Kana (MAMA XI 355-364)

Until the mid-twentieth century, the tiny modern hamlet of Gene (now renamed Beşağıl) preserved the ancient name of the small town of Kana, the southernmost of the three poleis of eastern Lykaonia. Like its neighbours to the north, Perta and Savatra, virtually nothing is known of the history of the town. The only surviving public monuments are honorific inscriptions for the emperors Trajan and Probus (MAMA VIII 211 and 212, cf. 213), erected by the boule and demos of Kana (Κανέων ἡ βουλὴ καὶ ὁ δῆμος); the former monument shows the existence of a temple to Trajan.1

MAMA XI includes ten texts from Kana (nos. 355-364), all from the village of Gene (now Beşağıl) and neighbouring Gene Yaylası (now Çiftlik Yaylası, 4km NNW of Gene), recorded by William Calder in 1954 and by Michael Ballance in 1957. So far as I know, these ten texts, along with the sixteen inscriptions published in MAMA VIII (nos. 211-225), constitute the complete published corpus of Kana.2

List of monuments from Kana

Notes

1. Callander 1906: 161-3; TIB Galatien 185, s.v. Kan(n)a; Mitchell 1993: I 97; Thonemann 2011b (Christian community).
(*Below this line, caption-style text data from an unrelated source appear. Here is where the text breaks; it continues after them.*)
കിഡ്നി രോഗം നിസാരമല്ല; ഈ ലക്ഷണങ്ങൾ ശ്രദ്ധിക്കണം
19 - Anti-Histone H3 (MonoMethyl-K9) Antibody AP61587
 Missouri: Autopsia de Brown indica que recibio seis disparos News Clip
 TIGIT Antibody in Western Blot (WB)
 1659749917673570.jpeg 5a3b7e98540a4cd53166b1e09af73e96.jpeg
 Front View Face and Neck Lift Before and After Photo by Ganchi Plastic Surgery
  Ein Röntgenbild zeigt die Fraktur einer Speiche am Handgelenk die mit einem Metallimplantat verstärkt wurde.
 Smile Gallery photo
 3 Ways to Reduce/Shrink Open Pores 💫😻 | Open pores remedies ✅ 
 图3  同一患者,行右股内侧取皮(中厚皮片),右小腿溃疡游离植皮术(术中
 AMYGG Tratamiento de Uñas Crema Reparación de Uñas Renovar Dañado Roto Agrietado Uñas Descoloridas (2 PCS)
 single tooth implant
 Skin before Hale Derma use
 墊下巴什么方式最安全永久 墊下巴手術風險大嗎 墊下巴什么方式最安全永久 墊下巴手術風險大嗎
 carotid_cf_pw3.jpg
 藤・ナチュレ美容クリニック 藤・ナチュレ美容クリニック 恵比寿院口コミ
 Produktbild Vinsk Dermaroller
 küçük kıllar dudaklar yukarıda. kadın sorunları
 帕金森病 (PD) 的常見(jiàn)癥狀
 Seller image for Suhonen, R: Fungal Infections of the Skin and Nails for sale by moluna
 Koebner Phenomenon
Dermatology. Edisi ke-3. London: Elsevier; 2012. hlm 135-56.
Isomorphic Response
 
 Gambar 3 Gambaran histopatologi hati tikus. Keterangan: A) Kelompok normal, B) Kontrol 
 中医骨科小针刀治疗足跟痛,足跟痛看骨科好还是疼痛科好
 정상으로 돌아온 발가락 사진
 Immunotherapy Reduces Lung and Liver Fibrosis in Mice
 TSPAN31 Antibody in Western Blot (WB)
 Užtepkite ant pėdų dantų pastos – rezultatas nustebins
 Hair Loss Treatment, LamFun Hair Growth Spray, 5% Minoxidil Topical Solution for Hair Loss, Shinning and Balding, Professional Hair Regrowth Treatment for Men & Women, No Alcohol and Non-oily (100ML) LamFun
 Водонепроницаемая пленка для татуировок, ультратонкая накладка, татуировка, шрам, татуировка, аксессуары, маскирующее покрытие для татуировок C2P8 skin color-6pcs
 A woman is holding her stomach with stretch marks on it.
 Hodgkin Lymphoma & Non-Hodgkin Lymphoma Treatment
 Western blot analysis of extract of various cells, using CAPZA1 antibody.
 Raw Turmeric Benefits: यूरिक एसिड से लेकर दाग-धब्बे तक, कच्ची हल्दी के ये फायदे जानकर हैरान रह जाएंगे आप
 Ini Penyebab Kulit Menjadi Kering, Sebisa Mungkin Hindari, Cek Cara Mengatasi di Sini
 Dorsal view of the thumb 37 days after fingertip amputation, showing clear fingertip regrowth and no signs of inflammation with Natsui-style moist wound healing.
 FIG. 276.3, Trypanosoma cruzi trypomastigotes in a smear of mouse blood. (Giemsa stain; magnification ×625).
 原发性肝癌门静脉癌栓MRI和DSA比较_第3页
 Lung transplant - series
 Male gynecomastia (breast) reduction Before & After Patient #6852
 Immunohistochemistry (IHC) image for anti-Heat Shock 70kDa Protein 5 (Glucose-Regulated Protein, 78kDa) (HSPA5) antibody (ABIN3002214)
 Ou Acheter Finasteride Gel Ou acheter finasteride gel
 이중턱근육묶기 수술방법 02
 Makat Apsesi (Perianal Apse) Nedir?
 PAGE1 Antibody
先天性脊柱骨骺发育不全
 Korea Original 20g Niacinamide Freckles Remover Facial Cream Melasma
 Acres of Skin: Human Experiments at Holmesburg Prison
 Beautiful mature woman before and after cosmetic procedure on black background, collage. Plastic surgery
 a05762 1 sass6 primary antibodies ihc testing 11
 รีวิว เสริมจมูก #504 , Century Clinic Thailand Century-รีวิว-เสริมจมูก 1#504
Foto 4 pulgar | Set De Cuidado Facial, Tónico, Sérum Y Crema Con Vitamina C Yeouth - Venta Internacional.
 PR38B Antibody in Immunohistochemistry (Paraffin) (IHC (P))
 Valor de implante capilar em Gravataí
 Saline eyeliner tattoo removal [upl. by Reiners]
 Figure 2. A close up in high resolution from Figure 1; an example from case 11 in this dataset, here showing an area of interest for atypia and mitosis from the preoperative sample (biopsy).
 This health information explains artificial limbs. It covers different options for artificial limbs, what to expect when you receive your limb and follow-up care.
2. Of the five inscriptions from Kana published by Callander 1906: 162-3, nos. 18-22, four were republished in MAMA VIII (nos. 211, 212, 215, 221); the fifth is republished here as MAMA XI 357. Callander 1906: 163, no. 20 (Ἀθην[ί]|ων [μνῆ]|μα π[α]|τρὸς|(5) ἀνέσ|τησε|ν μν[ή]|μης χά|ριν) was republished, as if new, in MAMA VIII 215 (Ἀθηνί̣|ω(ν) Νικ[ο]|μᾶ π[α]|τρὸς|(5) ἀνέσ|τησε|ν μνή|μη|ς χάρ[ι]|ν). Both sets of restorations in lines 1-4 are unsatisfactory: read instead Ἀθηνί̣|ωνι σ̣[ῆ]|μα Π[έ]|τρος| (5) ἀνέσ|τησε|ν κτλ., ‘Petros set this gravestone up for Athenion’.